Primary Directive

IANH

Warning: This post will likely be a bit of a disjointed ramble.

As a politics nerd, I spend a lot of time listening to podcasts and watching news reports and surfing news sites online. I'm a consumer of the "horse-race" coverage every time presidential or even midterm election season comes 'round. I am, thus, part of the problem.

Because when it comes to Presidents, our election system is . . . let's say, not optimal. And that's not even taking into consideration the crises of the moment, the real possibility that a foreign and domestic terror campaign is well underway to disrupt and delegitimize our democratic process with the goal of turning the USA into a banana republic. No, even if we set aside that nightmare for a moment things are a bit wack.

I suppose things are bound to get screwy when you build a system that evolves and changes in some ways over long periods while simultaneously not evolving or changing with external contexts. But here we are, primary season, and once again Iowa and New Hampshire are wielding power far greater than is remotely reasonable.

I've been hearing several wonks on news shows and podcasts speculating on who should drop out of the race, who now has a shot, who connects with what demographic—all based on the results in two tiny, near-homogeneous states that combined account for about 1.5% of the available delegates. With 98.5% of delegates still to be allotted, people—even George Takei, in a since-deleted tweet! George, my man, you are wrong here!—are saying anyone who finishes worse than third in both Iowa and New Hampshire should drop out. People are calling on the so-called moderate candidates to consolidate themselves into one, with two of Pete Buttigieg, Joe Biden, and Amy Klobuchar dropping out to throw support to the third in order to prevent Sanders from winning with a small plurality. I hear others decrying the proportional-allotment system, advocating for a winner-take-all primary setup like the Republicans have. All sorts of complaints and theories and advice based on two tiny near-homogeneous states representing one-and-a-half percent.

It's about money, of course. Candidates need to keep raising money unless they're Bloomberg-like gazillionaires, and a poor showing in the first and/or second state can hurt that. Do well in one or both and you can get more donations. Or, more accurately, have it reported that you did well or poorly and you can get more/not get enough donations. Because the media drives this as much or more than the actual voting does. And we consumers of media reinforce that behavior, thus part of the problem.

What's the fix? (Presuming that we still have presidential elections after 2020, of course, and that they are once again more-or-less legit.) Is it a national primary, everyone votes the same day? Is it bunching a few more states up front with Iowa and New Hampshire, or maybe pushing things so nobody is close to those two? Is it just mixing up the order of who goes when so different states get the power IA and NH have now each time? Go back to using the party convention as the principal venue for choosing a nominee?

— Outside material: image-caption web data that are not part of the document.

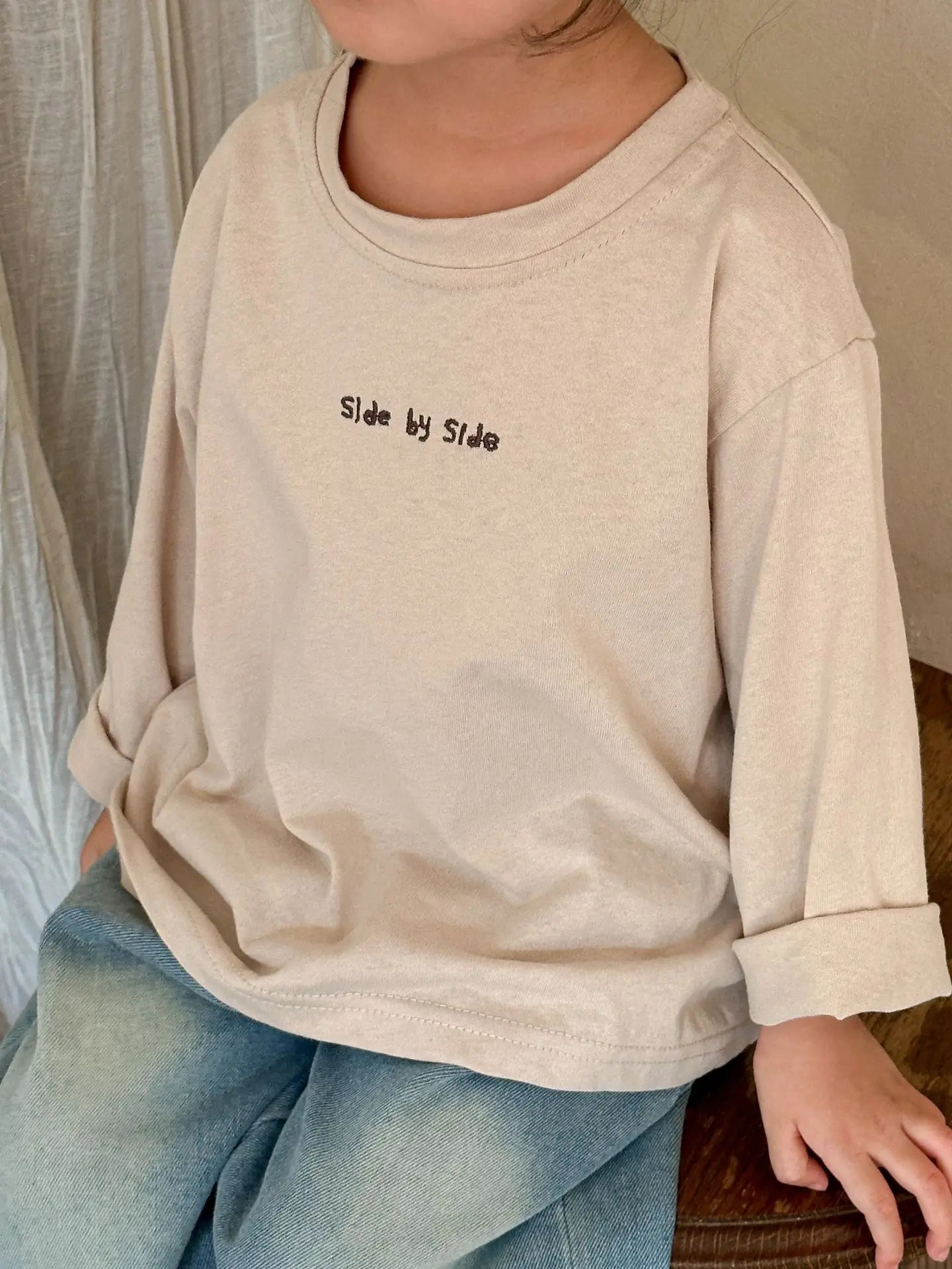 -キッズトップス 長袖Tシャツ レターロゴ刺繍ワンポイント 2カラー【mh0006159】 - mamahalo shop - 長袖Tシャツ -  べビー服 - 子供服 - 男の子 - 女の子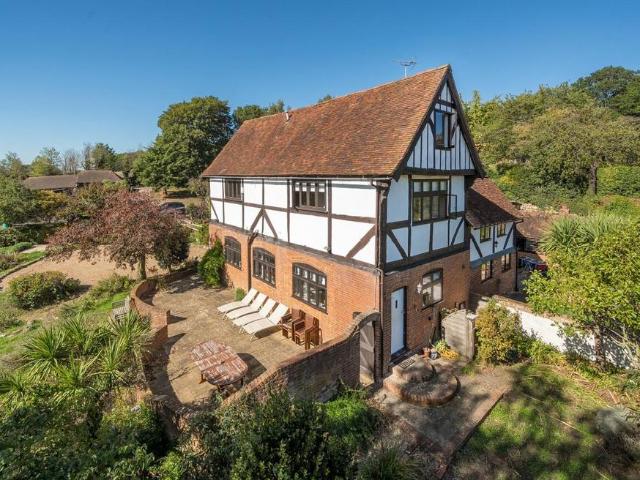 House for sale in Hunton, Maidstone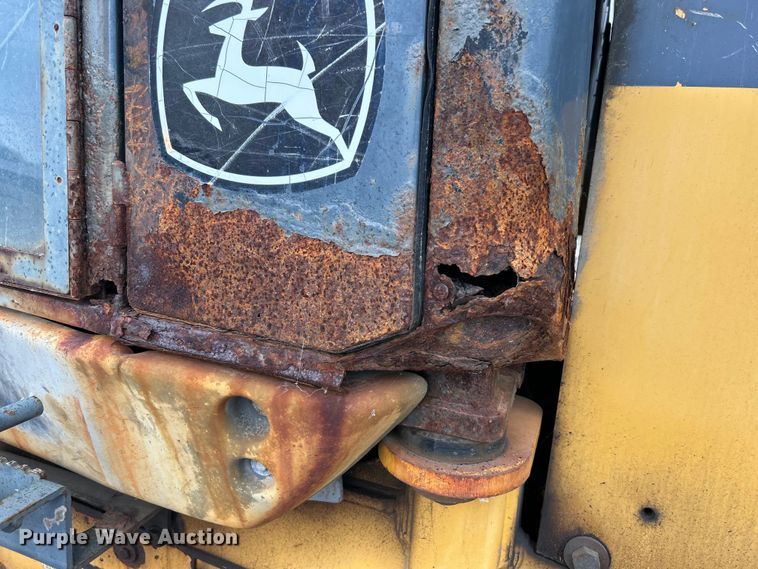 image for item DO1105 2004 John Deere 724J wheel loader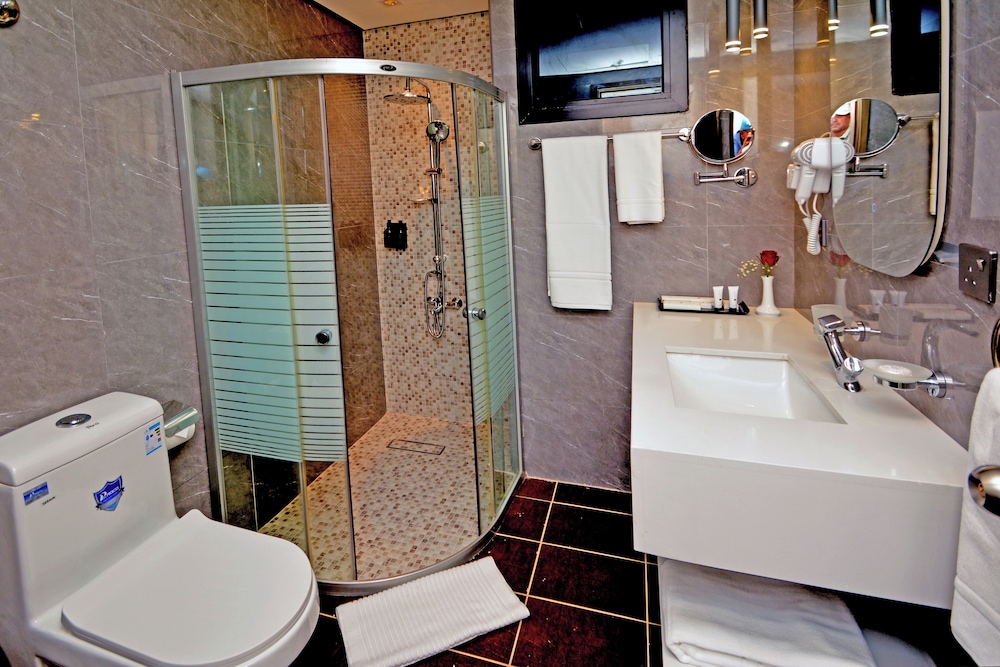 فندق ايه دبليو الرياض(AW Hotel Riyadh) 41/42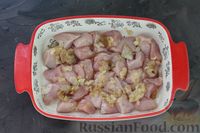 Фото приготовления рецепта: Картофель, запечённый с куриным филе, грудинкой и грибами - шаг №10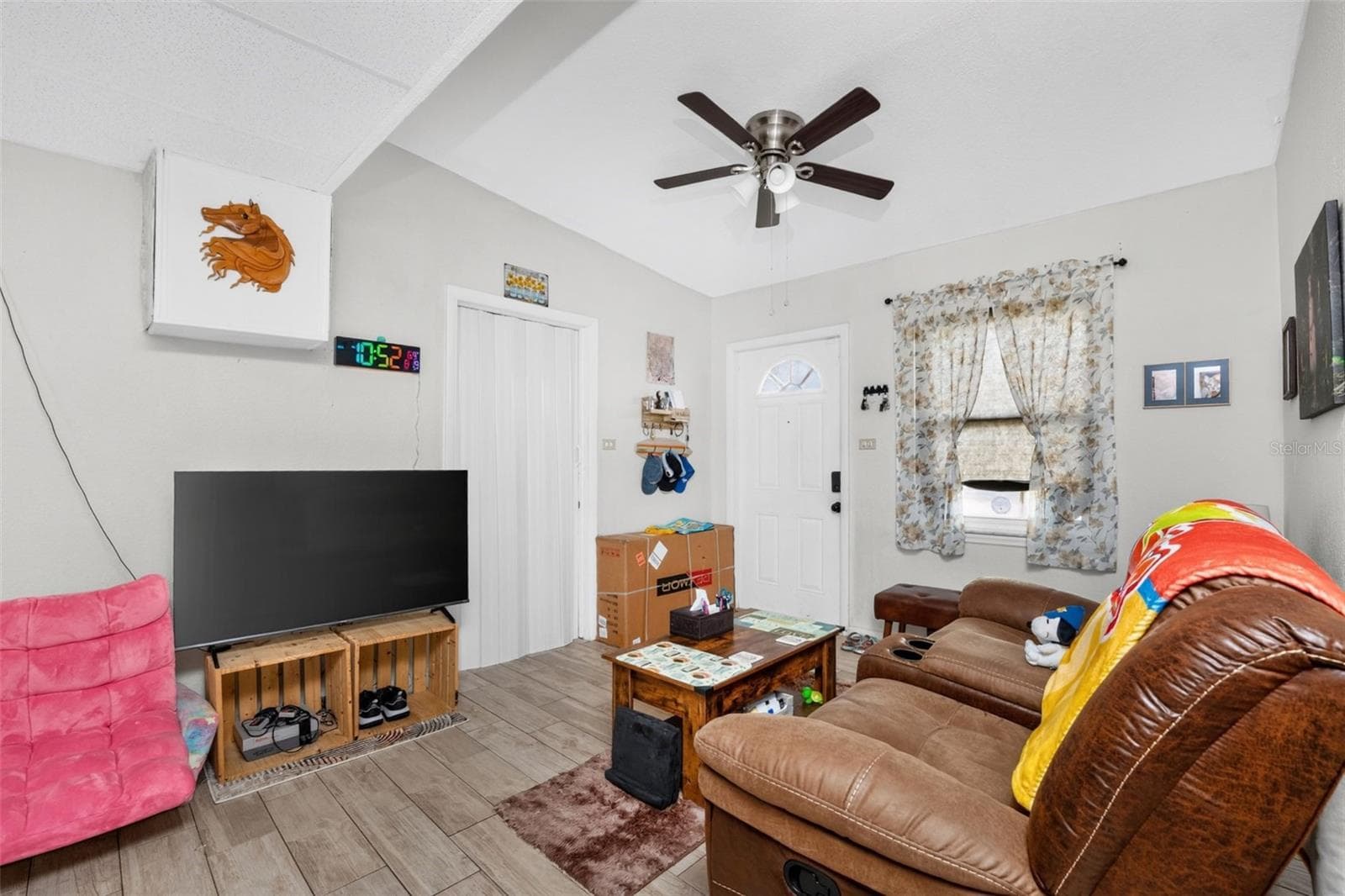 Single Family Residence at 3100 CRESTWOOD DR, PORT CHARLOTTE, photo 4 of 39
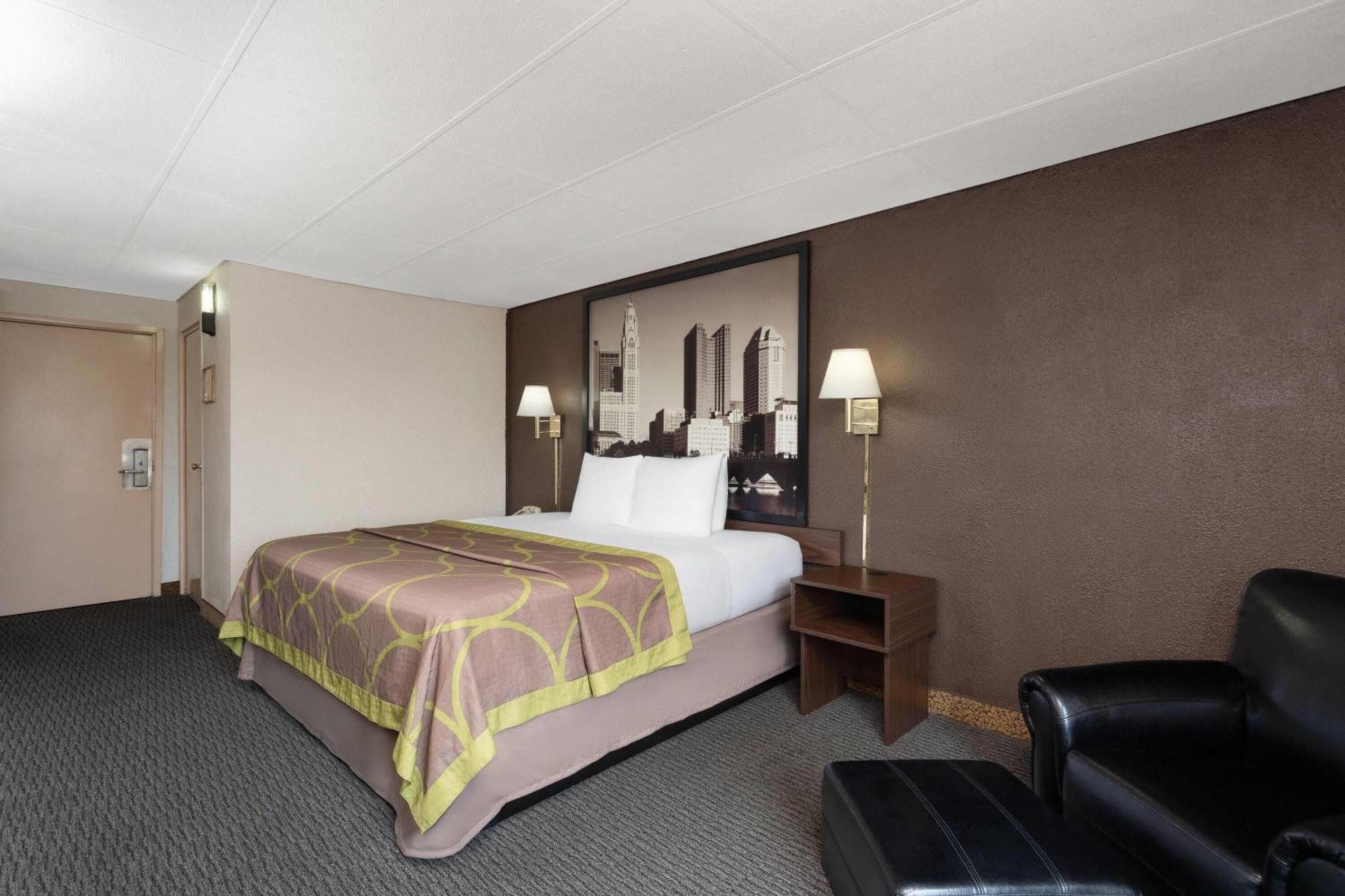 Super 8 By Wyndham Columbus Otel Dış mekan fotoğraf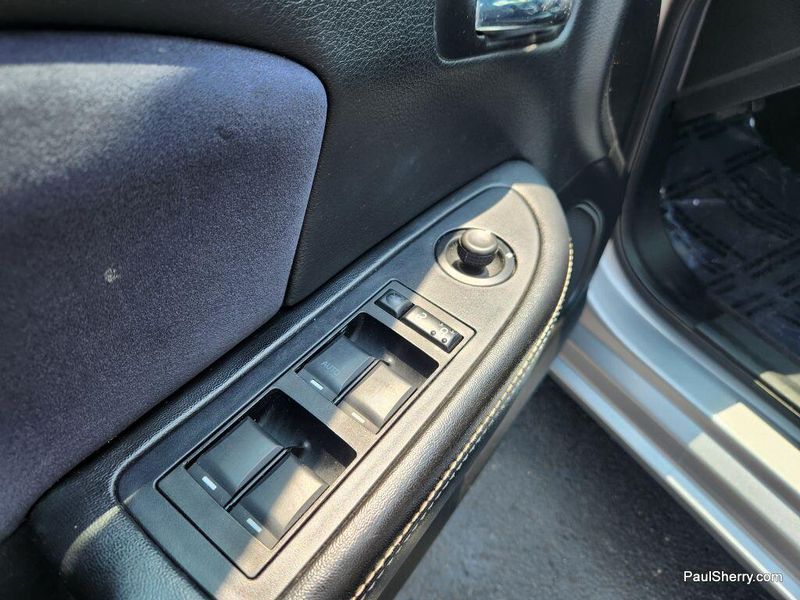 2013 Chrysler 200 Limited SImage 19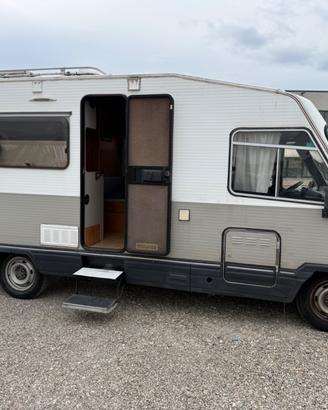 Laika LASERHOME 57 S FIAT 2.5 TD 4 POSTI LETTO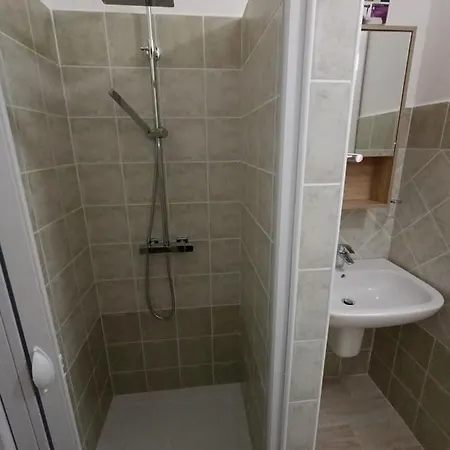 Diletta M 칼라리베로토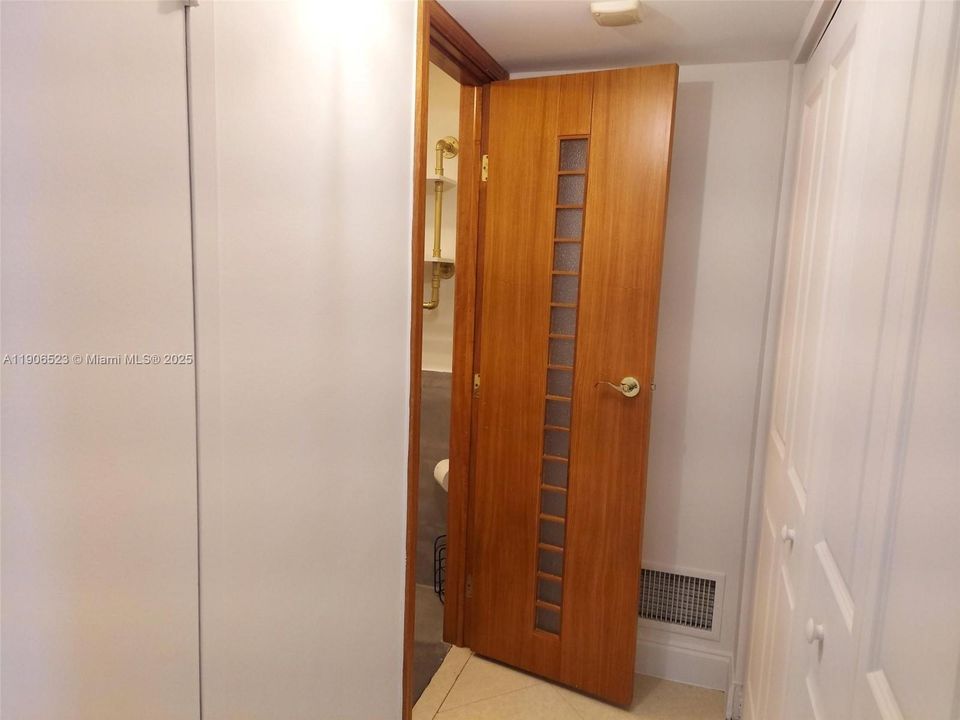 For Rent: $2,400 (1 beds, 1 baths, 913 Square Feet)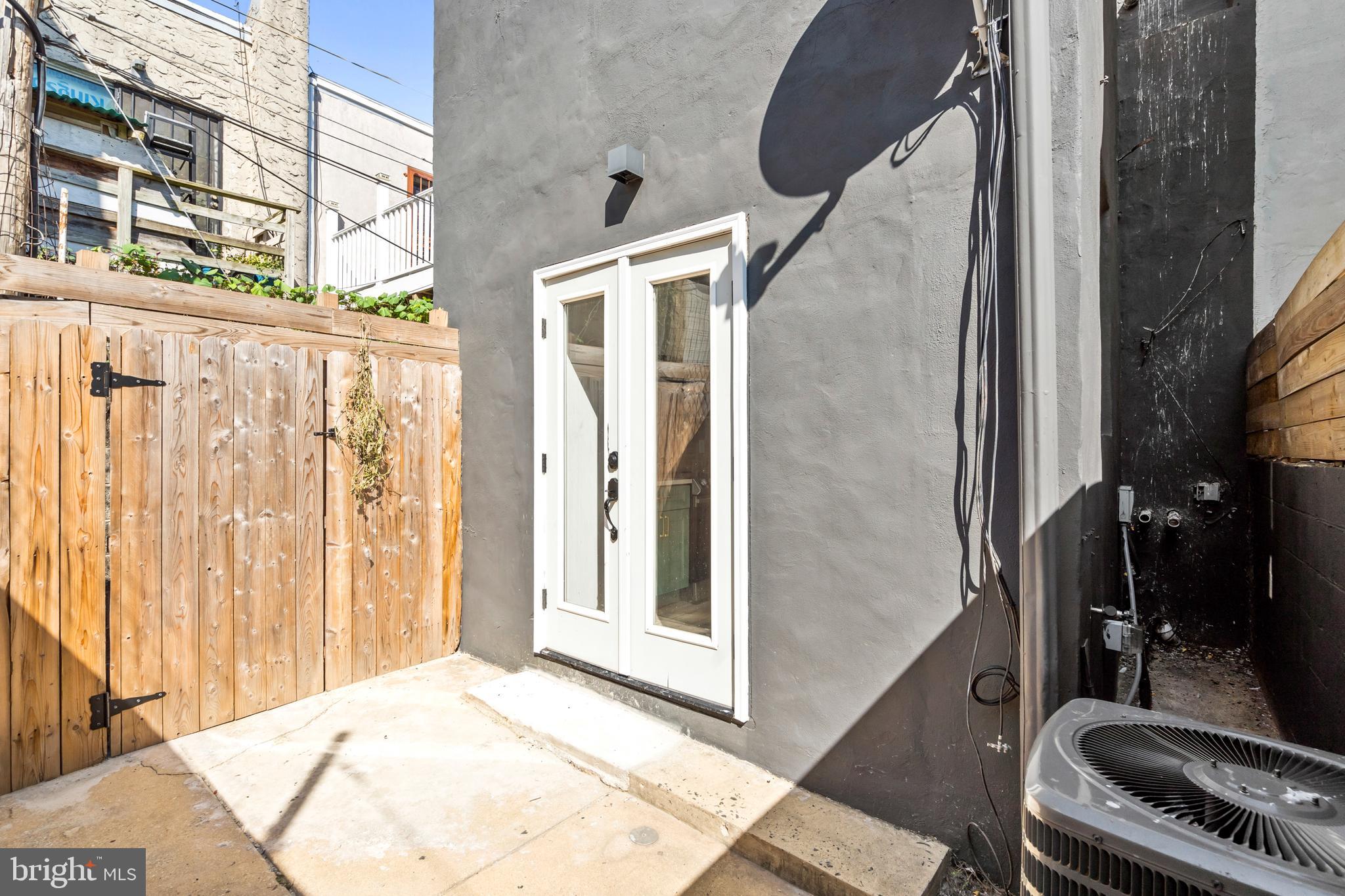 PASSYUNK SQUARE - Residential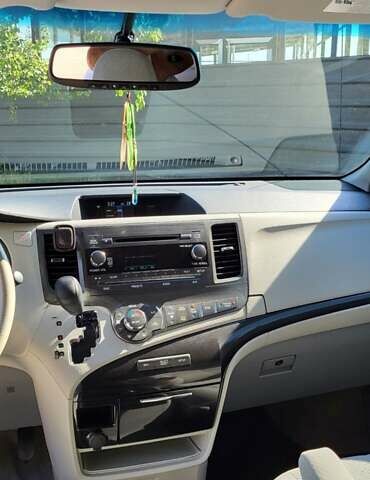 Коричневый Тойота Сиенна, объемом двигателя 3.46 л и пробегом 185 тыс. км за 17200 $, фото 23 на Automoto.ua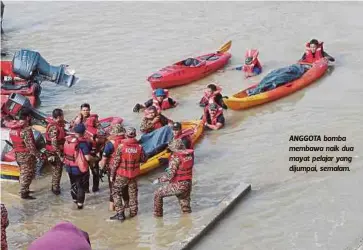  ??  ?? ANGGOTA bomba membawa naik dua mayat pelajar yang dijumpai, semalam.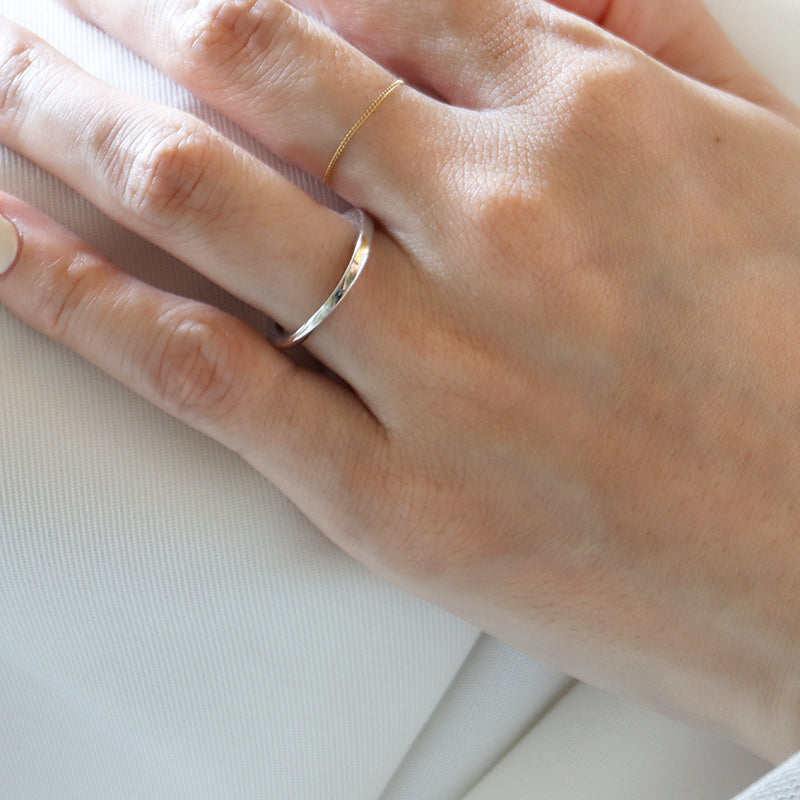 Mobius Ring <br> Pt900 <br> glossy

One change that would go a long way to improving everything in our electoral system would be mandating public financing, take the billionaire factor out of things and relieve the fundraising pressure on individual candidates.

Another thing I'd change would be the concept of open primaries. Those should go away. I know that would be unpopular in some circles, but they make no sense and are invitations to ratfuckery. And New Hampshire has an open primary, another reason its power is sorely misplaced. Trump and his cronies invited their supporters outright to vote for "a weak" Democrat in the New Hampshire primary in order to disrupt the Democrats' process. Even without prompting from your cult leader, one could make a calculation to cast a strategic primary vote for your preferred opponent in the general election. Regardless, these are party primary elections/caucuses. To determine your party's nominee. If you do not belong to that party, should you really have a say in who they nominate? I think not. We in Washington also have an open primary now; we don't even allow party registrations. I get wanting to have as much voter participation as possible, I appreciate that concept. And it absolutely applies to general elections. But if you have a club or organization, and need to nominate a leader for it, do you open that up to people not in your club or organization? No. So why are Republicans and independents allowed to vote for who the Democratic party nominates as their candidate? Democrats should vote in Democratic primaries and Republicans should vote in Republican primaries and Greens in Green primaries, if those ever become a thing, and so on. And if you're keen on being an independent, well, sorry, but you get no say until the general election. I know, it's largely symbolic; one can change one's party affiliation whenever, but it irritates me to see, for example, that 43% of people who voted in the New Hampshire Democratic primary were not Democrats:

NBC NH

 I do, however, support keeping proportional allotment of delegates. Leave the all-or-nothing, I-got-mine-you-get-nothing-sucks-to-be-you attitude to the Republicans.